Zawierucha na czerwonym dywanie z Pittem i Tarantino. "Święto kina i całej rodziny"
"Jestem tutaj! Już po premierze - teraz całą noc święto kina! Święto Tarantino i całej rodziny" - napisał Rafał Zawierucha po premierze filmu "Pewnego razu w Hollywood". Do wpisu dołączył zdjęcie z czerwonego dywanu m.in. z Bradem Pittem. Polski aktor w najnowszym filmie Quentina Tarantino wcielił się w rolę Romana Polańskiego.
"Całuje mocno wszystkich bez wyjątku! Dziękuję za to, że jesteście i pamiętajcie - Kino robimy dla was! Z pełną pokorą i pasją" - napisał aktor na Instagramie. Oficjalna premiera filmu odbyła się w TCL Chinese Theatre w Holywood. Oprócz Pitta i Tarantino, na czerwonym dywanie pojawili się również Leonardo DiCaprio i Margot Robbie.
Krytycy zachwyceni
Film opowiada historię aktora Ricka Daltona (w tej roli Leonardo DiCaprio - red.) i jego przyjaciela kaskadera Cliffa Boota (Brad Pitt), którzy w 1969 r. próbują wrócić do Hollywood w czasach wielkich zmian w przemyśle filmowym. Równolegle rozgrywa się historia Sharon Tate (Margot Robbie), która wraz z mężem Romanem Polańskim (Rafał Zawierucha) przyjeżdża do Los Angeles. Jednym z wątków poruszonych w filmie jest brutalne zabójstwo aktorki przez sektę Charlesa Mansona.

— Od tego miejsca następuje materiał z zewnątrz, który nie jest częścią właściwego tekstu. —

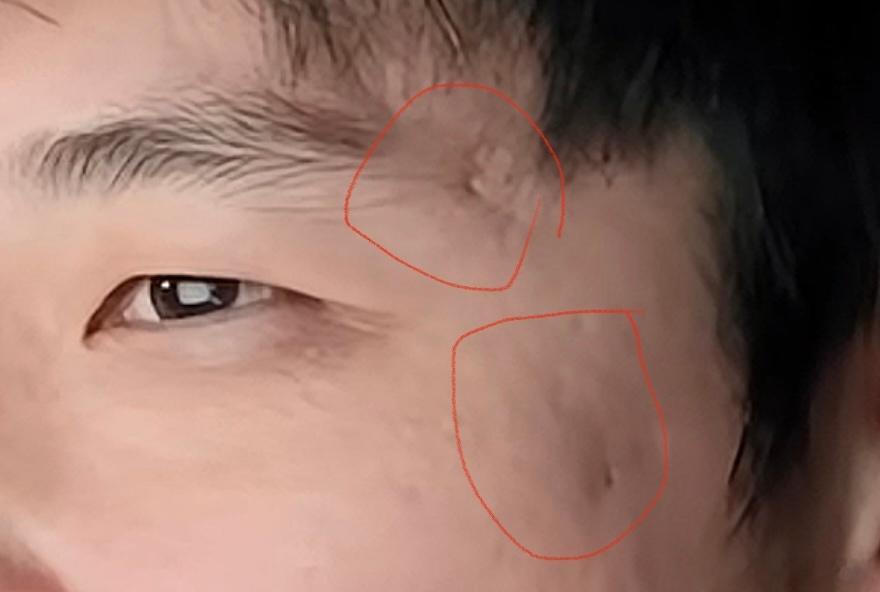 男性强势面相一则：三角眼+太阳穴位置坑坑洼洼（坑、疤、痘印）=看待大多数事物比较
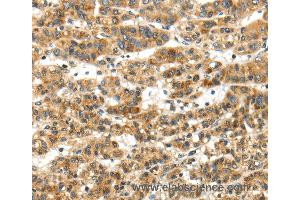 Immunohistochemistry of Human thyroid cancer using PAPPA Polyclonal Antibody at dilution of 1:50 (PAPPA Antikörper)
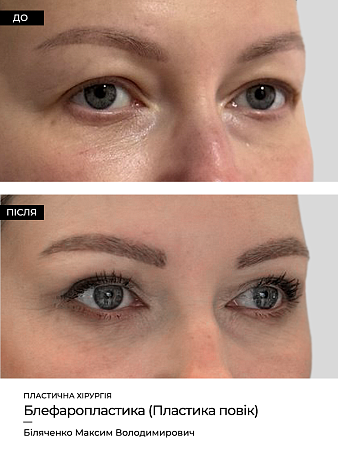 Блефаропластика нижних век фото до и после процедуры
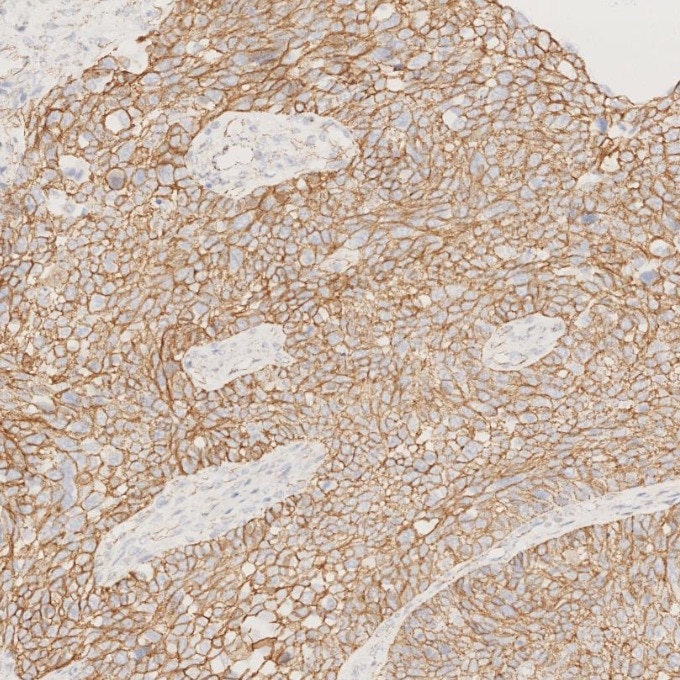 Immunohistochemistry (IHC) staining of human ovary cancer tissue using p120 Catenin Monoclonal antibody (66208-1-Ig)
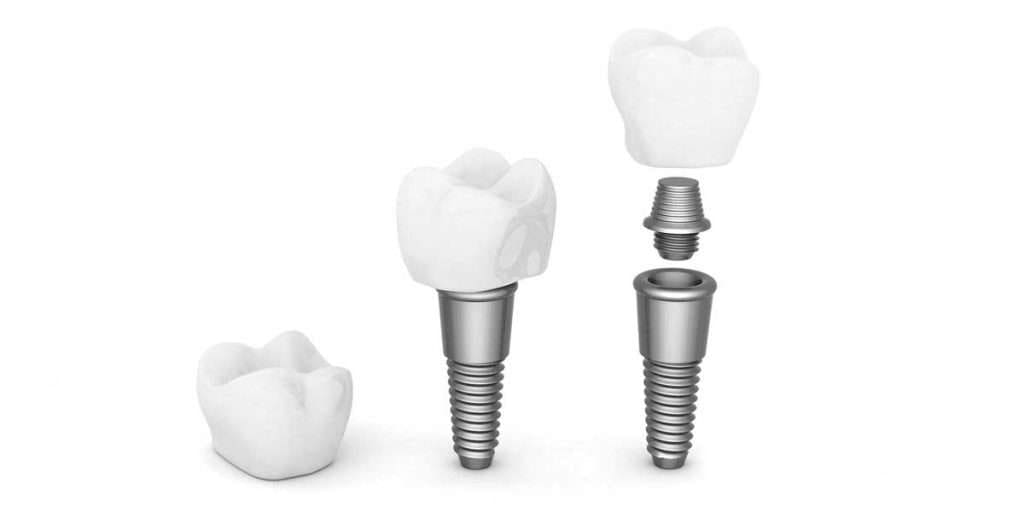 implantes dentales en sevilla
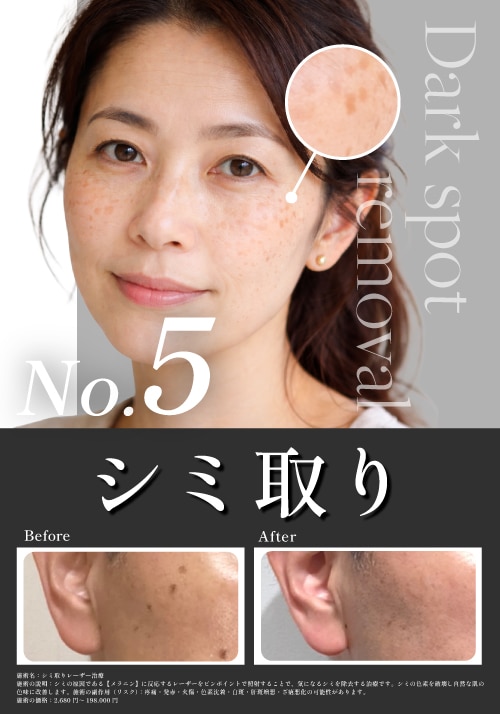 【 シミ取り】湘南美容のシミ取り2,680円〜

"Pewnego razu w Hollywood" ("Once upon a time in Hollywood" - red.) to dziewiąty film Quentina Tarantino (reżyser zapowiadał, że w swojej karierze wyreżyseruje dziesięć filmów - red.). Został bardzo dobrze przyjęty przez krytyków. Średnia z dotychczasowych 18 recenzji, które uwzględnił portal metacritic.com wynosi 88 w stustopniowej skali. Z kolei według danych serwisu Rotten Tomatoes, 92 proc. krytyków twierdzi, że film jest godny polecenia.
Premiera filmu w Stanach Zjednoczonych w multipleksach odbędzie się 26 lipca. Polscy widzowie zobaczą go 9 sierpnia.